● Required action: Output nothing except the lines from the one containing "Beneficios del CBD ¡en tu piel! Beneficios" through the final line of the data, both included, typed exactly, minus the pictures.

● Materials provided:
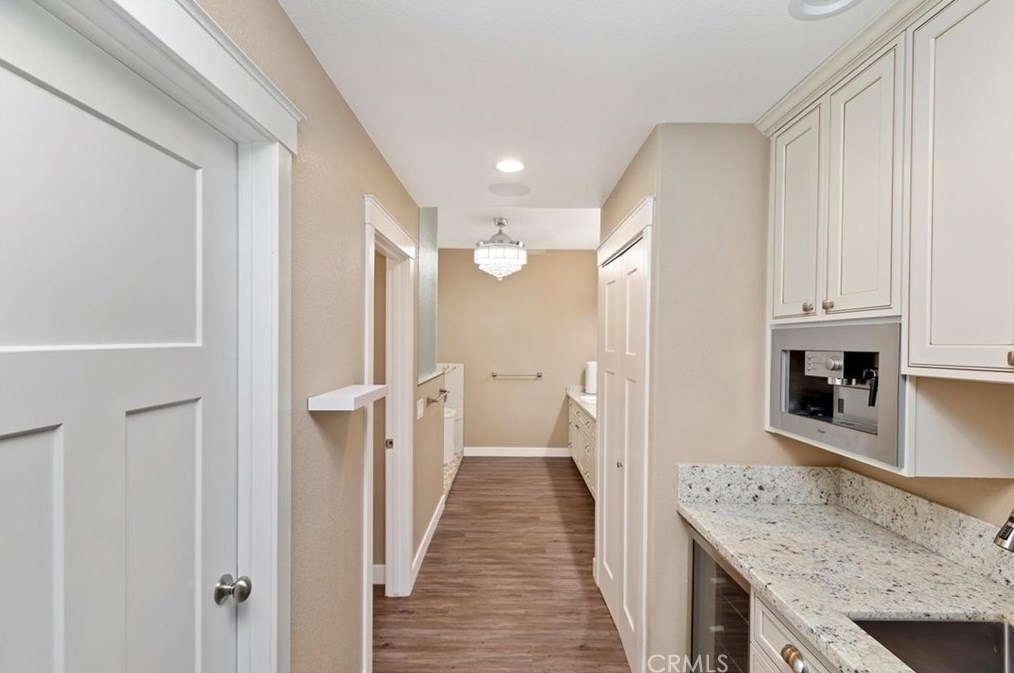 1382 Rimroad, Riverside CA  92506-5558 exterior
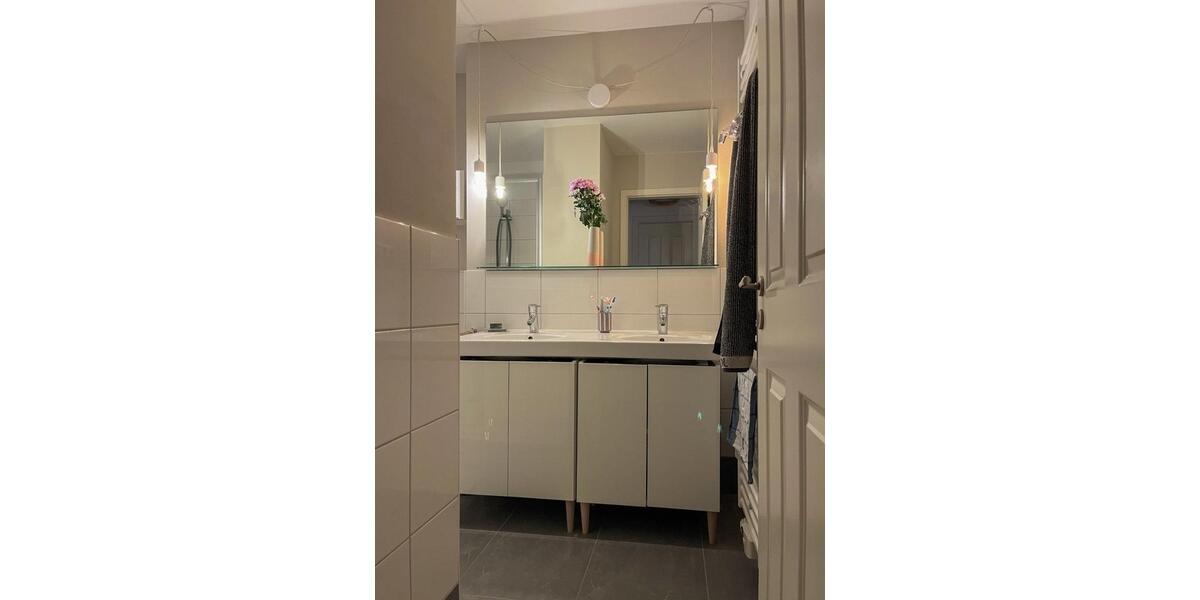 Etagenwohnung Köln Innenstadt - 3 Zimmer, 78 m&sup2;, 1.900&euro; | Angebot:26429951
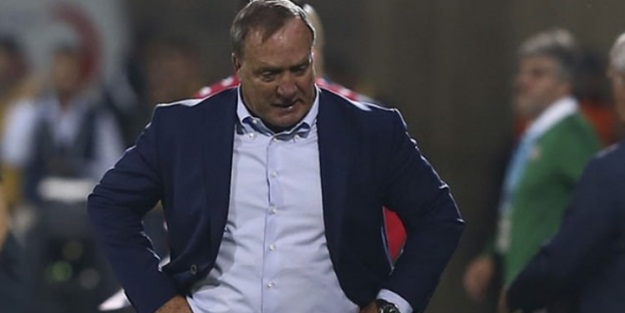 Maç öncesinde Advocaat'ı çıldırtan olay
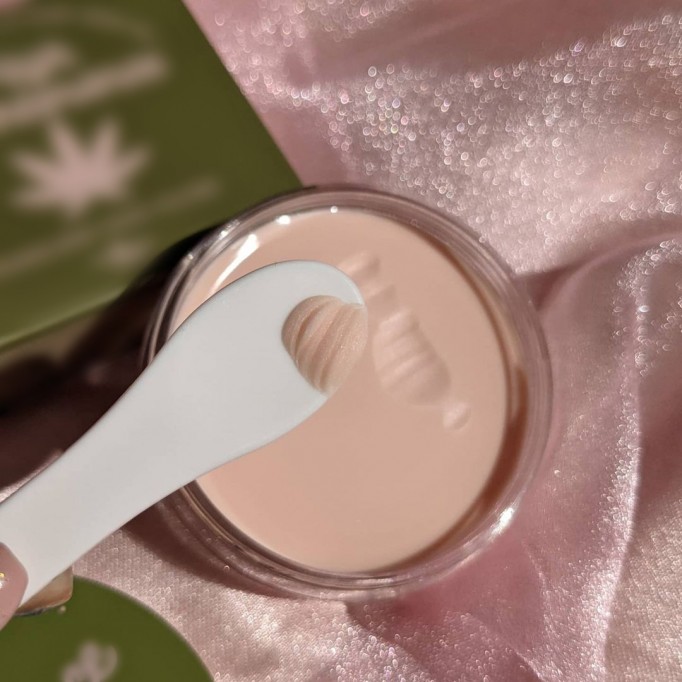 Beneficios del CBD ¡en tu piel! Beneficios del CBD ¡en tu piel!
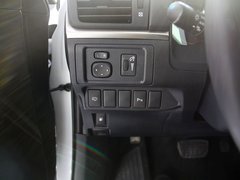 2014款 200h 1.8L CVT 精英版（单色）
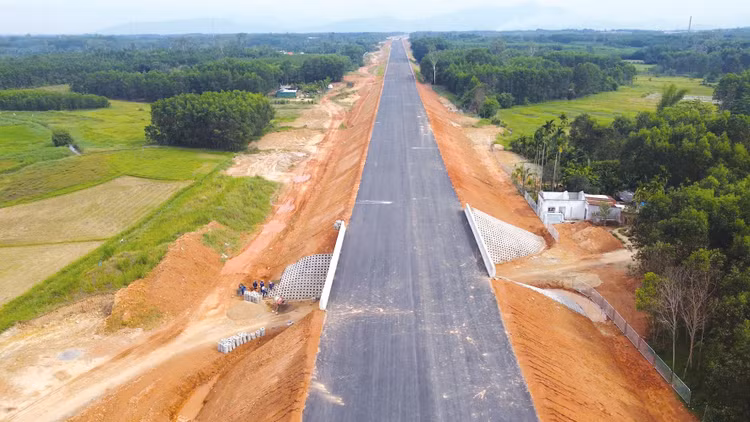 Nhiều đoạn tuyến trên cao tốc Quảng Ngãi - Hoài Nhơn đã được thảm bê tông nhựa. Ảnh: Hà Minh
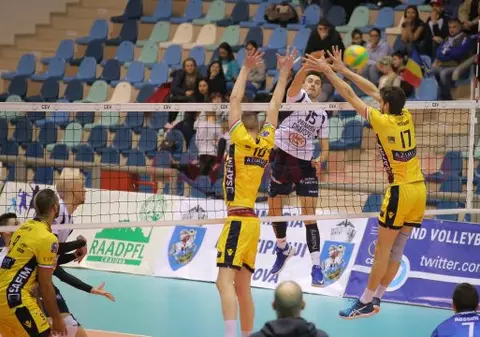 SCM Craiova a pierdut cu Azimut Modena, în Liga Campionilor la volei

● Response:
 Beneficios del CBD ¡en tu piel! Beneficios del CBD ¡en tu piel!
 2014款 200h 1.8L CVT 精英版（单色）
 Nhiều đoạn tuyến trên cao tốc Quảng Ngãi - Hoài Nhơn đã được thảm bê tông nhựa. Ảnh: Hà Minh
 SCM Craiova a pierdut cu Azimut Modena, în Liga Campionilor la volei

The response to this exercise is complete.